Tanjong Pagar Railway Station

As an avid hiker and trekker, I have taken the KTM train from Tanjong Pagar to the rural areas of Malaysia. The train often was a more direct means of getting to those places than the buses were, since it passed through many small towns that could be reached by bus only after transferring buses at a major city.

As someone who trekked as a means of escaping the stresses of city life, I thus associated Tanjong Pagar Railway Station as the gateway to relief from my oppressive ordinary life. Once I stepped into the station, I could look forward to a few days of “simple” living, where my primary activity would be putting one foot in front of the other. I would be uncontactable by phone. If anyone wanted to come and get me to do things, they would have to walk to me through a few days of leech-infested jungle. That element of physical obstruction made me feel further away from my ordinary life than I would have if I’d flown to Tokyo.
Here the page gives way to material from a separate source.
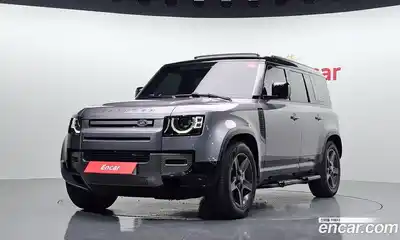Land Rover Defender, 2023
For a few days, I would not have to observe daily the expressions of desperate and earnest striving written all over the faces of the workers and students of Singapore. For a few days, I would be exposed to a wider variety of sights than I had been in the entire year before. Not just the natural sights, but the more inhomogeneous look of Malaysian urban areas, compared to Singapore’s.

The tidiness of Singapore’s urban scenery becomes oppressive after a while. When everything is orderly, one wonders what terrible things have been done to the disordered. One gets bored from the predictability of things. Why do I prefer trekking on an obstacle-strewn jungle trail to walking on a smooth concrete pavement? Because I get bored walking on the latter. In a similar way, even negotiating the broken, dirty sidewalks of Malaysian cities becomes a fresh stimulus to my dulled mind. For once, I have to look where I’m going, because there might be something unexpected. The unexpected has no place in Singapore.

This mental association of Malaysia with escape from mind-numbing dullness strengthened over the years to the extent that even seeing the railway tracks would send a warm fuzzy feeling through me. When I worked in Biopolis, I would cross the railway tracks every day walking to and from Commonwealth MRT. There was a more ‘civilised’ route to Buona Vista MRT, but I loved the ‘back route’ to Commonwealth because there was a very short trek on a muddy path down a steepish hillock to the railway tracks. Even this short section of ‘greenery’ (by Singapore’s standards) lifted my mood a little. Across the tracks were the Tanglin Halt HDB flats, some of the oldest in Singapore. Their age and striking difference from the newer flats turned them in my eyes into a symbol of resistance against homogenisation in the name of development. Going to and from work, I would expose myself to these symbols of resistance, each time nursing a kernel of sadness at the thought that they could not resist for much longer; that Development would soon be victorious. I have not been back in Singapore for two years. I have no idea if they are still there, and I do not really want to know, for fear that they are not.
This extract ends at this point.